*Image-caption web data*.
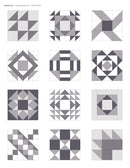 Quilt Builder Card Deck Set #3: 40 more blocks, 8 inspiring layouts, infinite possibilities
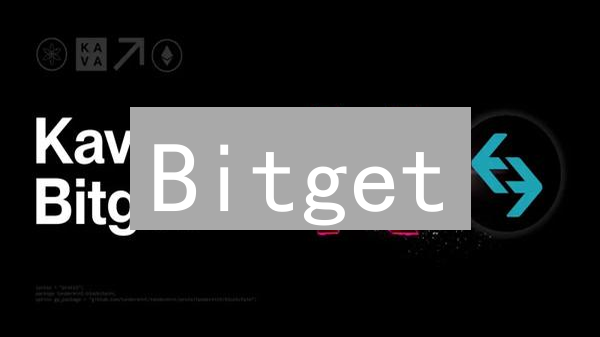Bitget：多样币种打造的加密货币交易乐园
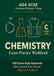 AQA GCSE Combined Science Trilogy Chemistry Workbook: 300 Exam-Style Questions and Notes Built from Real Mark Schemes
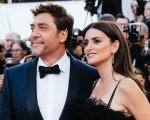 Javier Bardem e Penelope Cruz hanno trasformato gli Oscar in lampade!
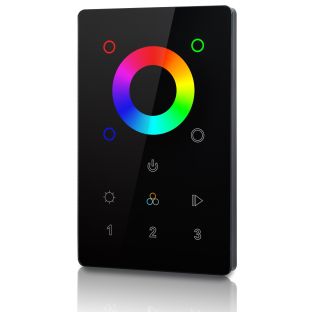 welegance rgbw z3 zigbee centraline elegance 573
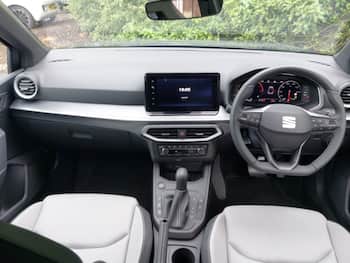 Used SEAT Arona 2026 for sale - 79617937: Photo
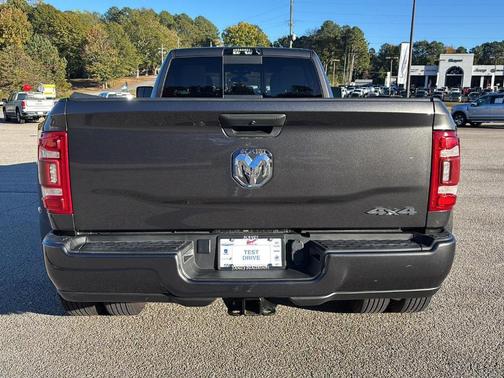 2023 RAM 3500 Tradesman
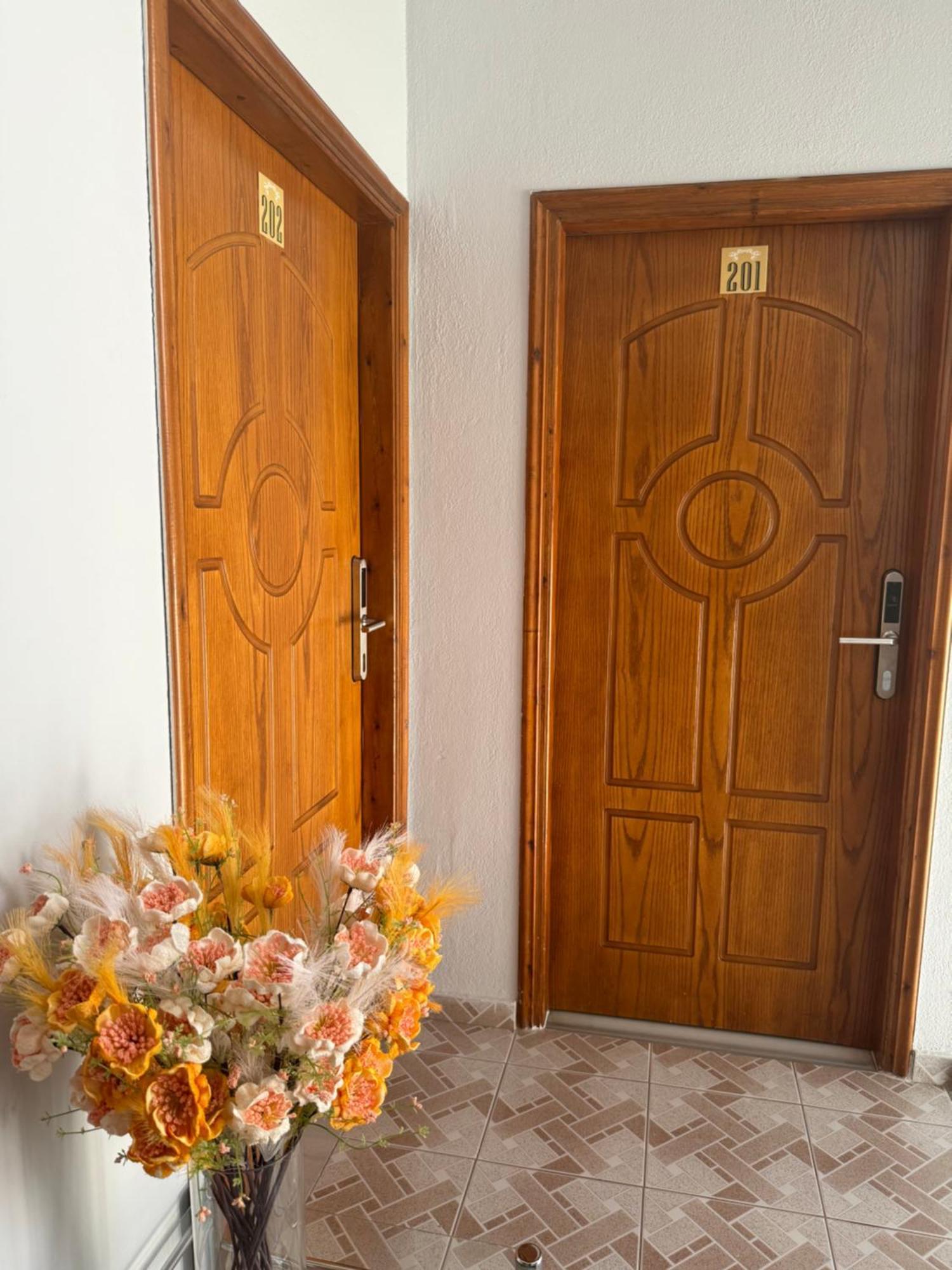 Hotel Frida Χειμάρρα Εξωτερικό φωτογραφία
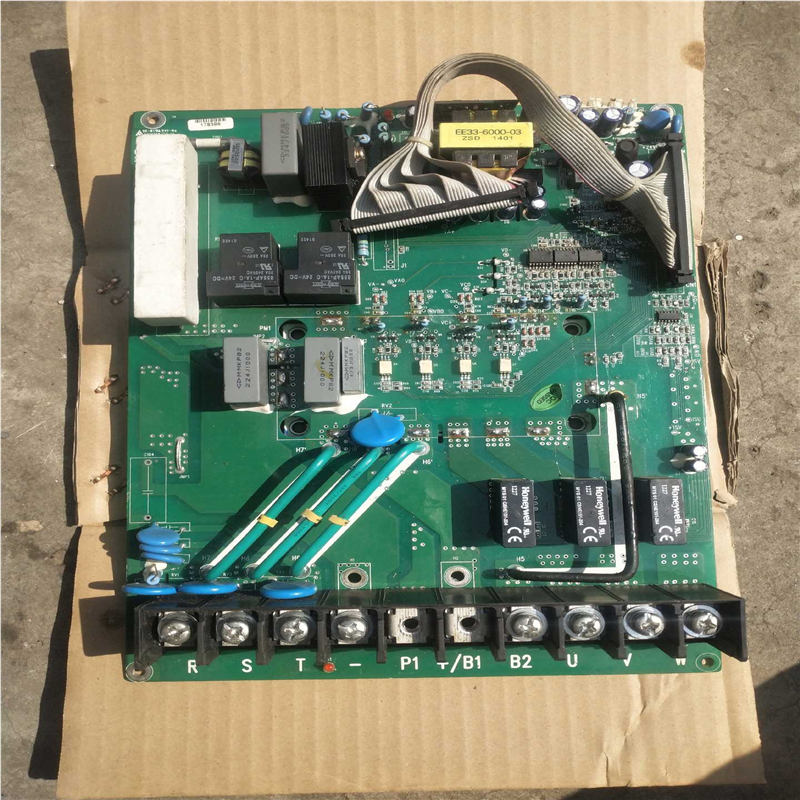 【汇生】变频器驱动板602PM01-F成色漂亮功能完好包好用的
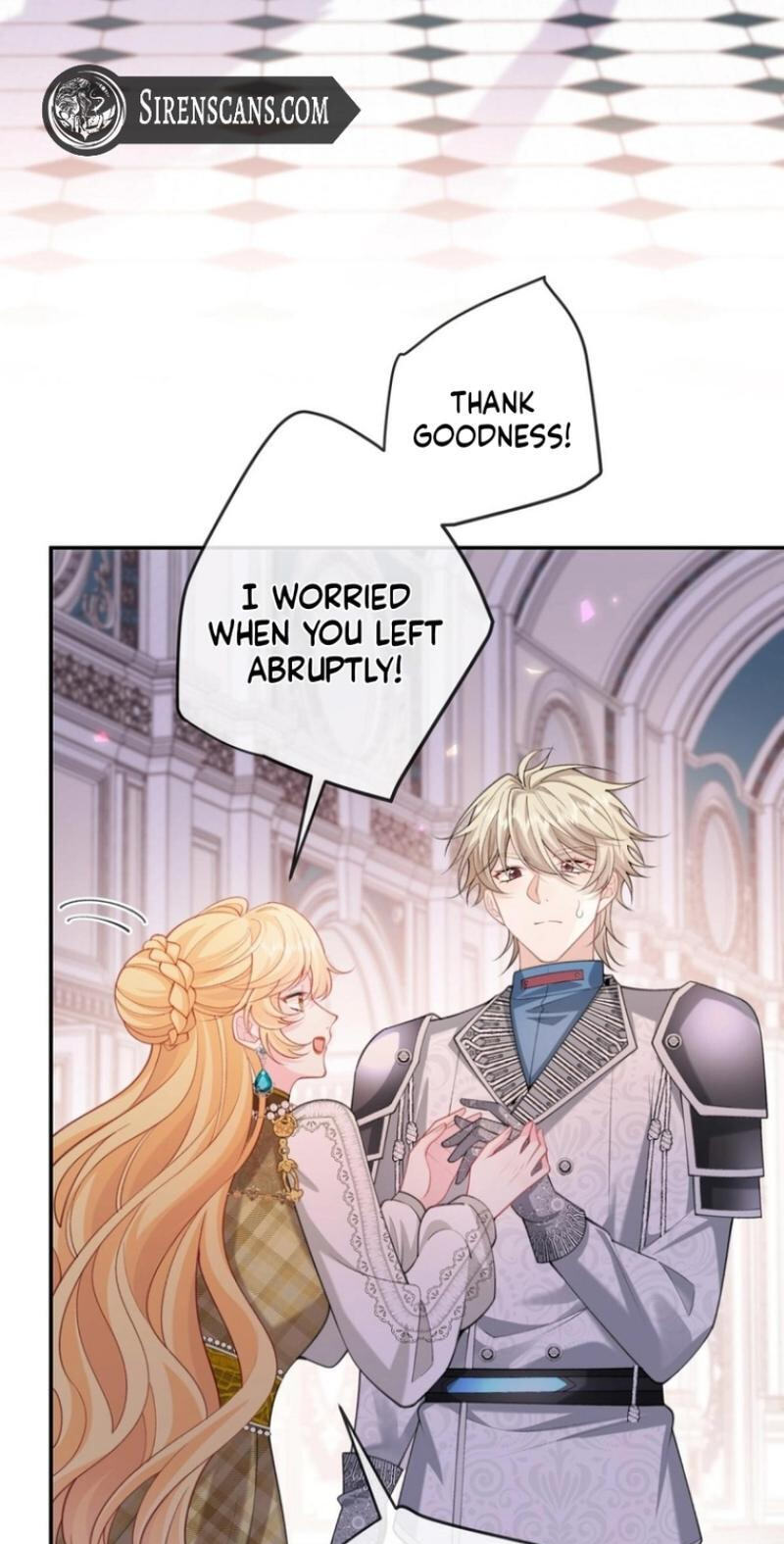 In This Life, I'm Resigning From Being a Villain Queen Chapter 11 page 49 -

*Exercise instructions*. From the line containing "Javier Bardem e" through the last line of the records above, reproduce every line exactly, leaving out the pictures.

*Written solution*.
 Javier Bardem e Penelope Cruz hanno trasformato gli Oscar in lampade!
 welegance rgbw z3 zigbee centraline elegance 573
 Used SEAT Arona 2026 for sale - 79617937: Photo
 2023 RAM 3500 Tradesman
 Hotel Frida Χειμάρρα Εξωτερικό φωτογραφία
 【汇生】变频器驱动板602PM01-F成色漂亮功能完好包好用的
 In This Life, I'm Resigning From Being a Villain Queen Chapter 11 page 49 -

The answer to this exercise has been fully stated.